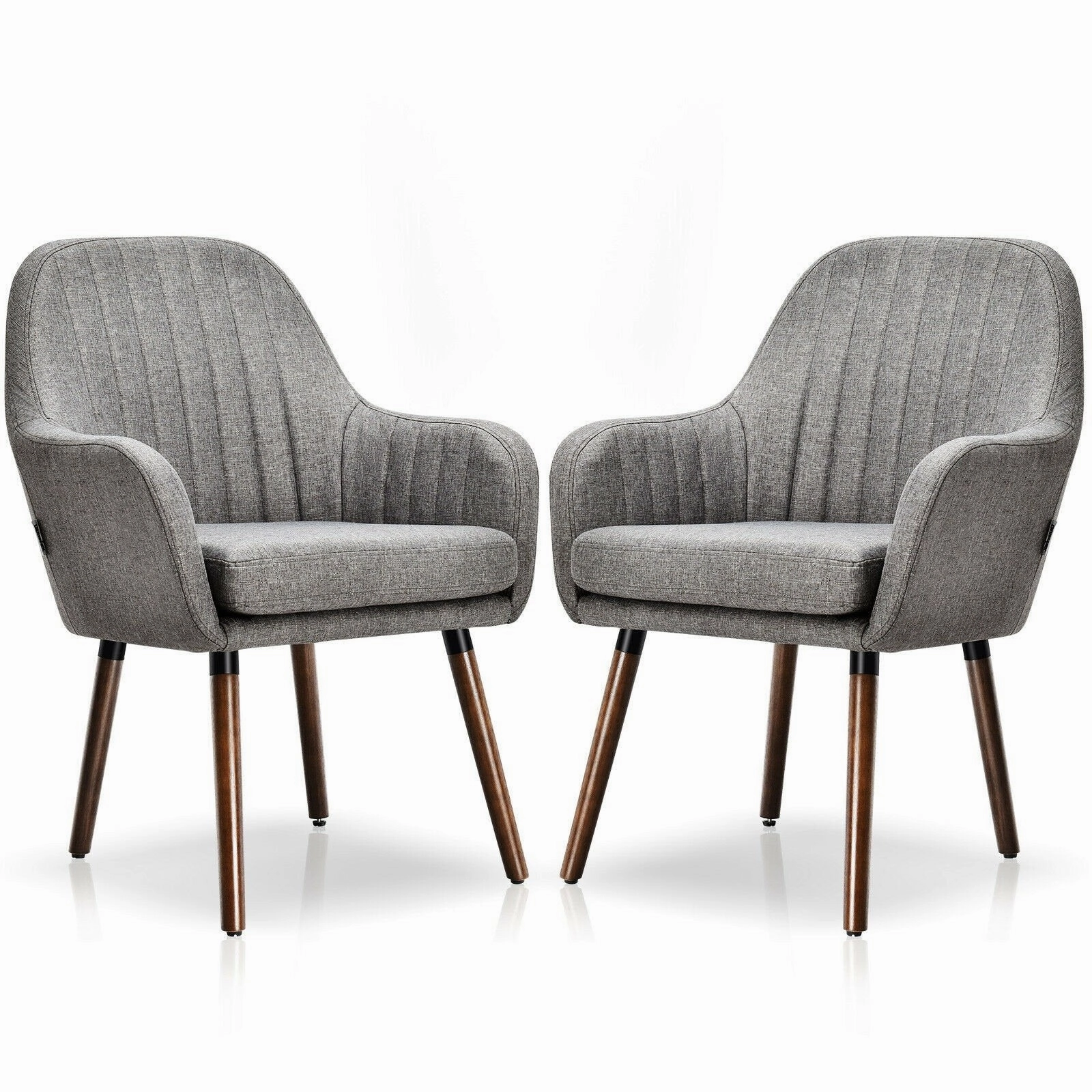 Set of 2 or 4 Fabric Dining Chairs, Accent Upholstered Arm Chair w/Wood Legs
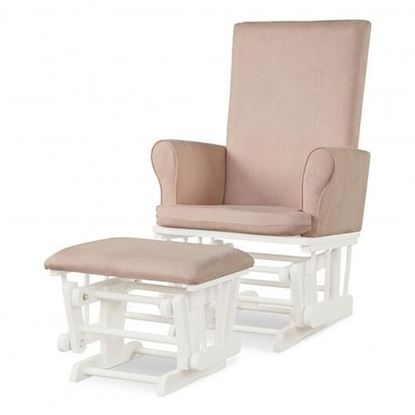 Picture of Wooden Baby Nursery Glider and Ottoman Cushion Set-Pink - Color: Pink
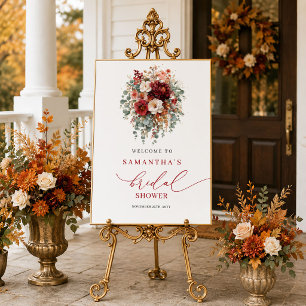 Elegante bordeaux bloemige herfst bruidsdouche poster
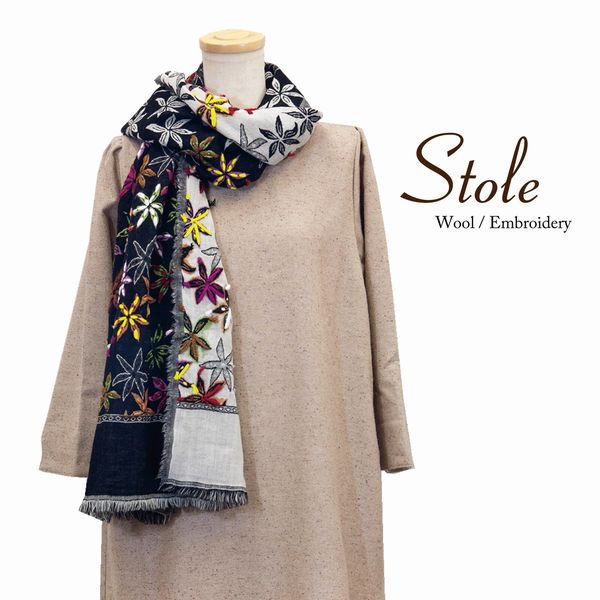 ストール ファッション小物 レディースファッション ウール刺繍 ジャガード生地 手刺繍 贅沢 7,935円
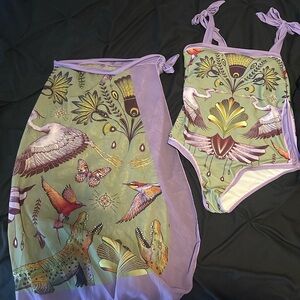 Women's Green and Purple Swim Set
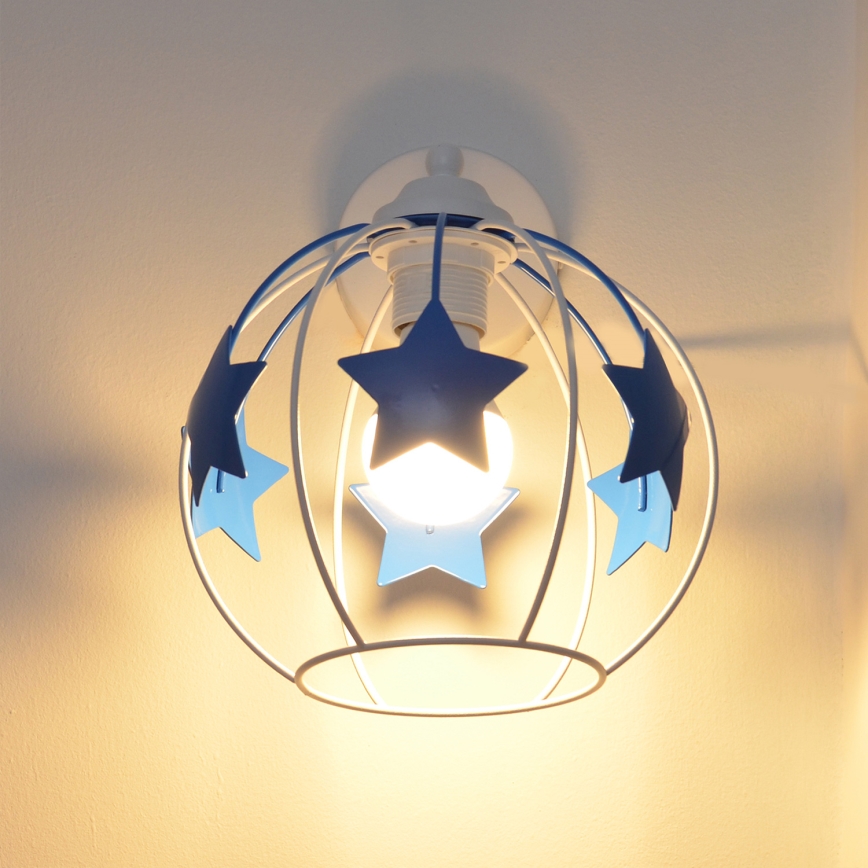 Dečija zidna lampa STARS 1xE27/15W/230V plava/bela
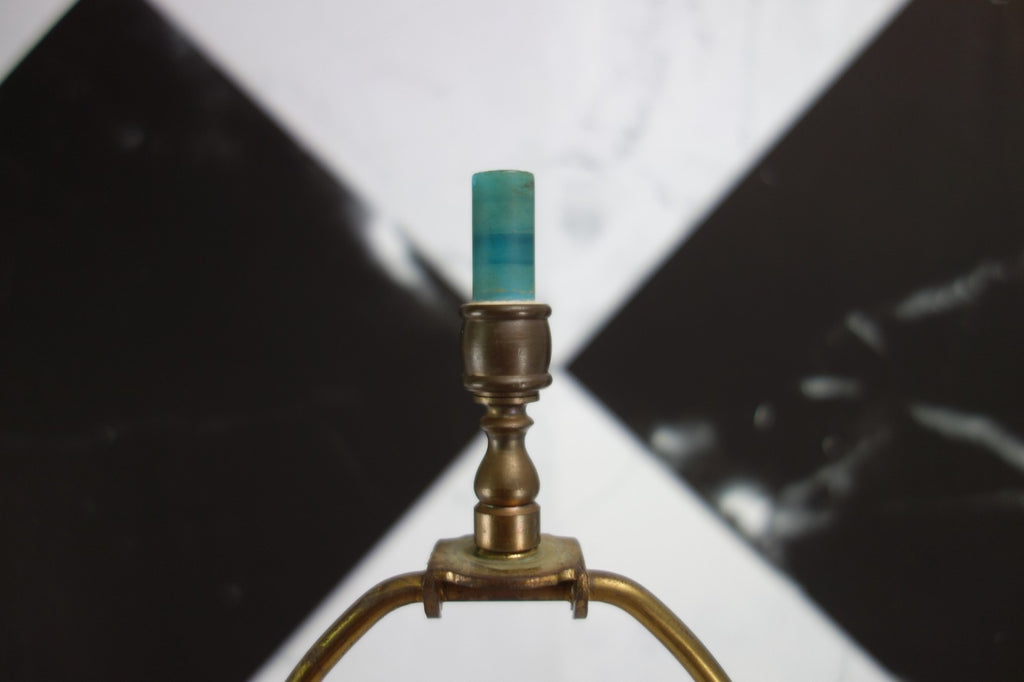 Vintage Turquoise Blue Opaline Glass Clear Top Glass Brass Base 3 Way Table Lamp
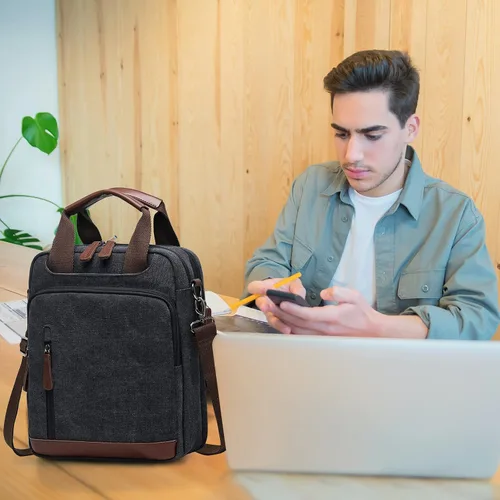Vista 7 de mygreen Pequeño bolso cruzado de lona para el hombro, bolso de mensajero, bolso de trabajo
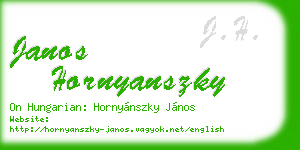 janos hornyanszky business card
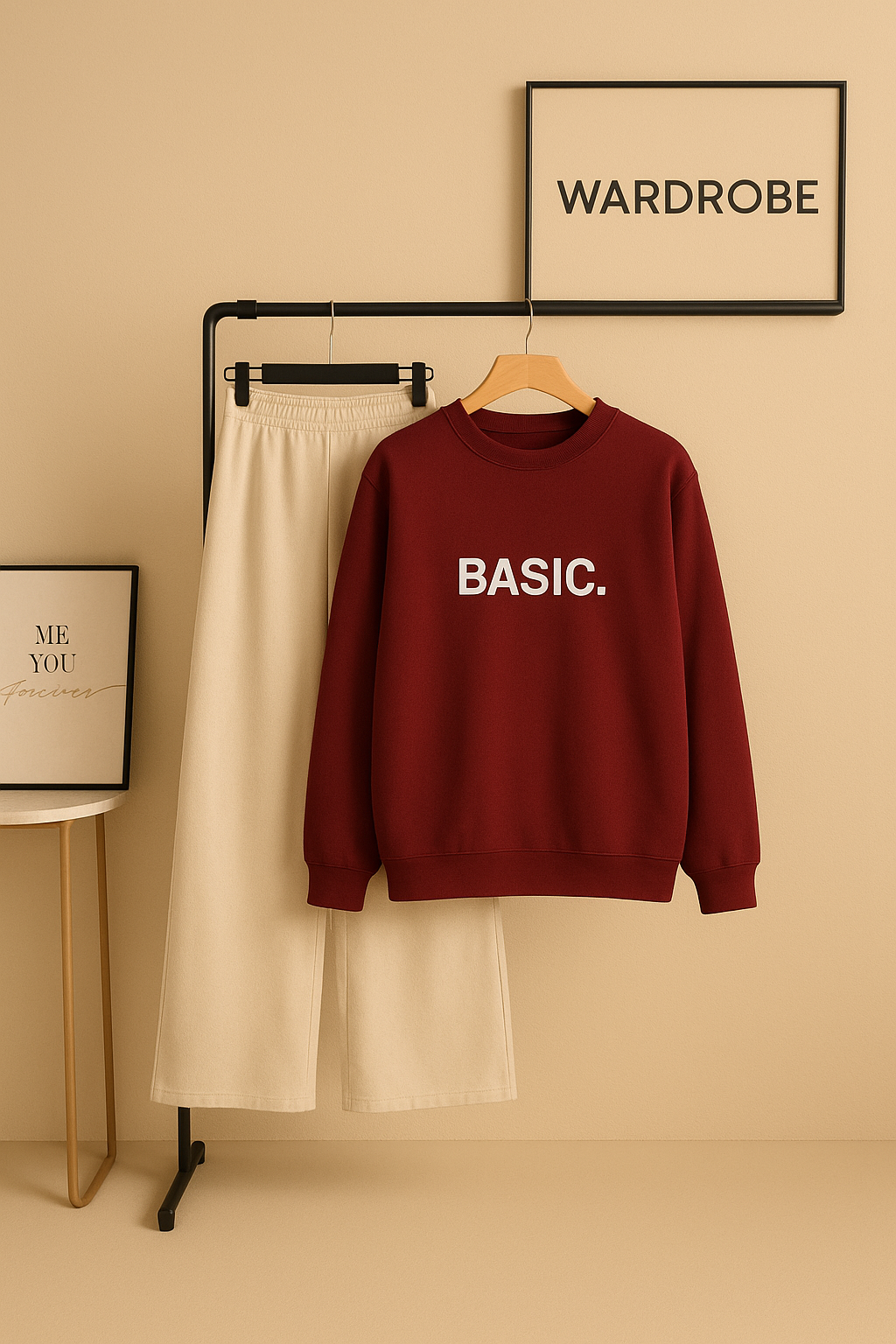 Basic Print Maroon Sweatshirt With Beige Flapper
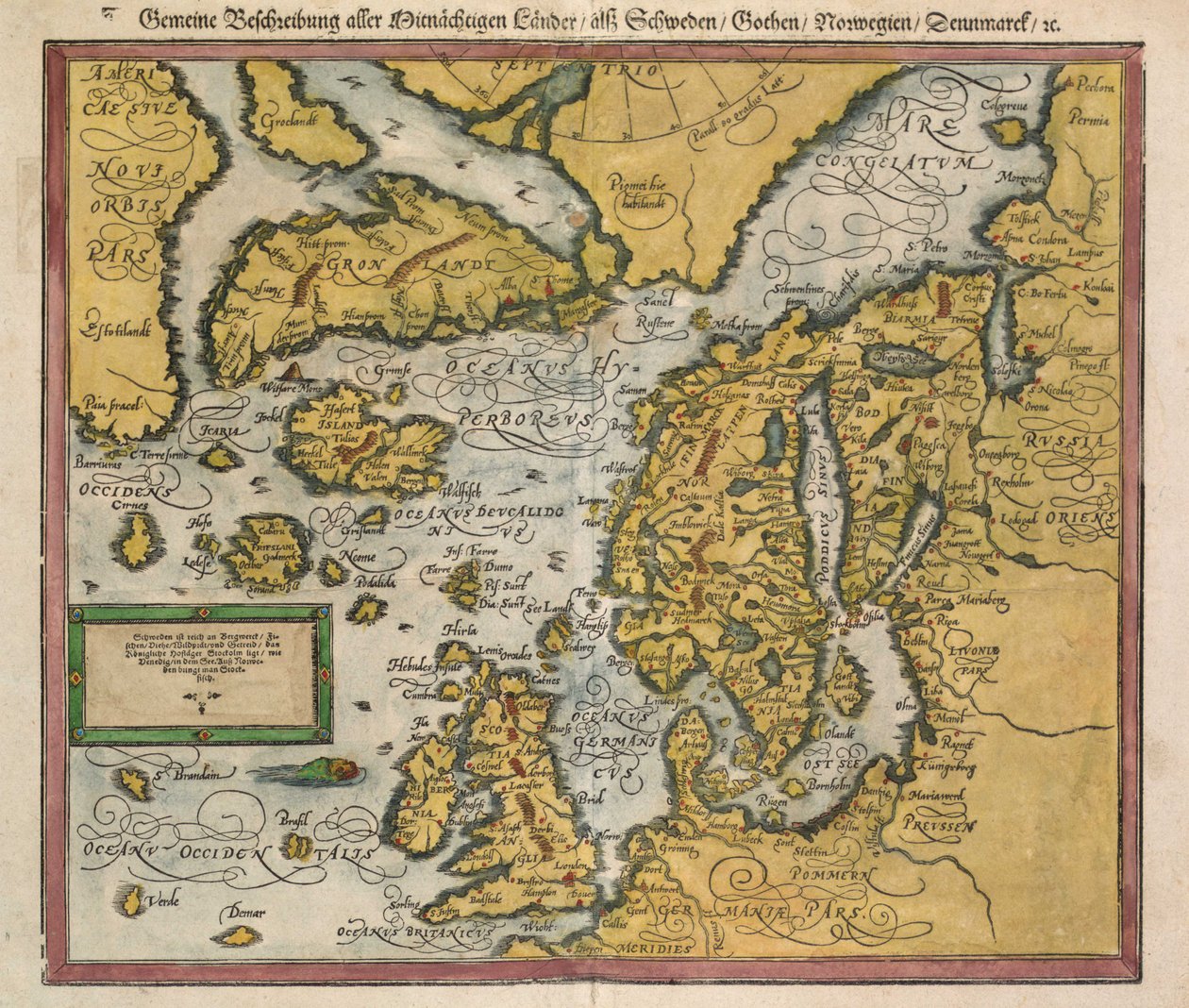Islannin Une Carte de 1588 tekijältä Unknown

____

— Activity —
Set down only the lines running from the line with "Elegante bordeaux bloemige" to the end of the entries, inclusive; omit every picture.

— Solution for this exercise —
 Elegante bordeaux bloemige herfst bruidsdouche poster
 ストール ファッション小物 レディースファッション ウール刺繍 ジャガード生地 手刺繍 贅沢 7,935円
 Women's Green and Purple Swim Set
 Dečija zidna lampa STARS 1xE27/15W/230V plava/bela
 Vintage Turquoise Blue Opaline Glass Clear Top Glass Brass Base 3 Way Table Lamp
Vista 7 de mygreen Pequeño bolso cruzado de lona para el hombro, bolso de mensajero, bolso de trabajo
 janos hornyanszky business card
 Basic Print Maroon Sweatshirt With Beige Flapper
Islannin Une Carte de 1588 tekijältä Unknown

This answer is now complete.